The Bank of Canada notes that while there has been heightened concerns in recent years about the wave of mortgages coming up for renewal at higher rates, the shock is looking smaller than it did at the end of 2023.
A sharp drop in interest rates in 2024 means payments are not expected to rise as much as feared, declining to an average of a roughly 8% rise at renewal in 2025 and 5% in 2026, compared with the more than 14% and 11% respectively expected in last year’s financial stability report.
Many home owners have also seen their incomes rise, and property values increase, leaving the overall Canadian ratio of household debt to disposable income at 173% at the end of 2024, down from 179% at the end of 2023.
Non-financial businesses also remain in good financial health, the bank said, noting a spike in insolvencies following the end of government supports was short-lived.
It says that until the sharp increase in market volatility at the start of April, the issuance of new debt was strong and the cost of financing remained low.
While lower interest rates have helped boost the resiliency of businesses and those with mortgages, non-mortgage households do still show rising signs of economic stress.
The report shows that for those households, both credit card and auto loans more than 60 days behind in payments have surpassed pre-pandemic levels, and have risen above historical averages.
That’s in contrast to households with mortgages, where payment arrears on both remain below historical averages.
Canadians overall, though, still have high debt levels compared with historical standards, creating elevated risks if the trade war persists, especially for those more exposed to trade.
The Bank of Canada says loans to households or businesses in trade-sensitive industries or regions represent about 15% of assets of banks in Canada, but that the knock-on effects of an economic slowdown could hit a wider range of industries and workers.

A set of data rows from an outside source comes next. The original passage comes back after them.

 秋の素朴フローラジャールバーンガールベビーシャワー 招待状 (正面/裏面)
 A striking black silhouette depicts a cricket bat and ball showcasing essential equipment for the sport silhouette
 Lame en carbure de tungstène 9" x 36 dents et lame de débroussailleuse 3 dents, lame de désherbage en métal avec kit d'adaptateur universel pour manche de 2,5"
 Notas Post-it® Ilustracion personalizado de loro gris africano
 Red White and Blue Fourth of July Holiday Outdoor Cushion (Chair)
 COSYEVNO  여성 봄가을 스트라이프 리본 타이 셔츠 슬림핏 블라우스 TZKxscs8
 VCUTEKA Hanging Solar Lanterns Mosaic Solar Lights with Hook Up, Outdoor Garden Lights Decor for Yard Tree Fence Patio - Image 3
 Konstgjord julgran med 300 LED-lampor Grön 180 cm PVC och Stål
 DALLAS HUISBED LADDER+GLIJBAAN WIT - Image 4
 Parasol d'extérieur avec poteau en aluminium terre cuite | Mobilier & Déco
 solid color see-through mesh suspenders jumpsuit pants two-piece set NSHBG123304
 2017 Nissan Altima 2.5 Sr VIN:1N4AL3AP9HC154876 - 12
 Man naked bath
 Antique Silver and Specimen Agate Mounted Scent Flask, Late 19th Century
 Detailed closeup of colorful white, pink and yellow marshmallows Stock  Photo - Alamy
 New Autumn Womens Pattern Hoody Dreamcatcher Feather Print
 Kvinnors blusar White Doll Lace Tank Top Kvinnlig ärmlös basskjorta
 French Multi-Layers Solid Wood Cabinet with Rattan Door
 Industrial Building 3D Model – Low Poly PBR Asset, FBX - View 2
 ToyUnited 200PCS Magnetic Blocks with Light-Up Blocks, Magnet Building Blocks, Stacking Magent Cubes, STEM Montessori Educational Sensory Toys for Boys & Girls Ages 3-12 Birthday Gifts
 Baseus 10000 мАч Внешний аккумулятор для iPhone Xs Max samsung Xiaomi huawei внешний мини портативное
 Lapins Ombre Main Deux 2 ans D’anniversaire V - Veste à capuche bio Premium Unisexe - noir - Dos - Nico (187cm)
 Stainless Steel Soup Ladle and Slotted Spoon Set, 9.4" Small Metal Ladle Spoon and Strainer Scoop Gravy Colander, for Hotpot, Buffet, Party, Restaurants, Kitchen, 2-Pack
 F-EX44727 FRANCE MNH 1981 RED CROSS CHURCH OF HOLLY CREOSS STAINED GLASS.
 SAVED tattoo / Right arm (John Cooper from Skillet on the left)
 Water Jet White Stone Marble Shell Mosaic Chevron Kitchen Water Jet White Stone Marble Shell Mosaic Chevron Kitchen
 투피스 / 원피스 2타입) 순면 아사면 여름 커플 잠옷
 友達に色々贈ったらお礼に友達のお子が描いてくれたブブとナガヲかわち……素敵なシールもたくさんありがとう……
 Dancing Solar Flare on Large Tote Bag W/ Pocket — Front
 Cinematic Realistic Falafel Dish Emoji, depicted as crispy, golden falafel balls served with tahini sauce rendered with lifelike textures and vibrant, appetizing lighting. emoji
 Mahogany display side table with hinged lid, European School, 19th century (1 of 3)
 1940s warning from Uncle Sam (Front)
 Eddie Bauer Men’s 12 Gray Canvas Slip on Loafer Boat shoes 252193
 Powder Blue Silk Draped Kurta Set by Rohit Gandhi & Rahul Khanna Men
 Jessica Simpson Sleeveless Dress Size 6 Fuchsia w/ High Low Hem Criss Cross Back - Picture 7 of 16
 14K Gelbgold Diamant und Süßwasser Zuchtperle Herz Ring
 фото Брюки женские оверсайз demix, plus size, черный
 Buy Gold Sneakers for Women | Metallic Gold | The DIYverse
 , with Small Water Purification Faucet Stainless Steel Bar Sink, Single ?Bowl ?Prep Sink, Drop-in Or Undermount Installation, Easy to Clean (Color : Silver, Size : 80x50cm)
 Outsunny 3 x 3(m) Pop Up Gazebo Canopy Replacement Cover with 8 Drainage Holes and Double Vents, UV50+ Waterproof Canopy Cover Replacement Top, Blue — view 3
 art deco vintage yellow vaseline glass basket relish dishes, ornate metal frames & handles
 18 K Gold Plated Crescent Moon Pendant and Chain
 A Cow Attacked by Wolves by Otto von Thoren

Canadian banks are however well-positioned to absorb higher losses thanks to higher capital buffers and provisions for credit losses, the central bank said.
The Bank of Canada said the financial system as a whole also remains resilient, but vigilance is needed given the risks. “There are many uncertainties,” said Macklem.
“We still do not know what tariffs will remain, whether they’ll be reduced or escalated, or how long all of this will last. That makes it particularly difficult to anticipate the risks to the financial system.”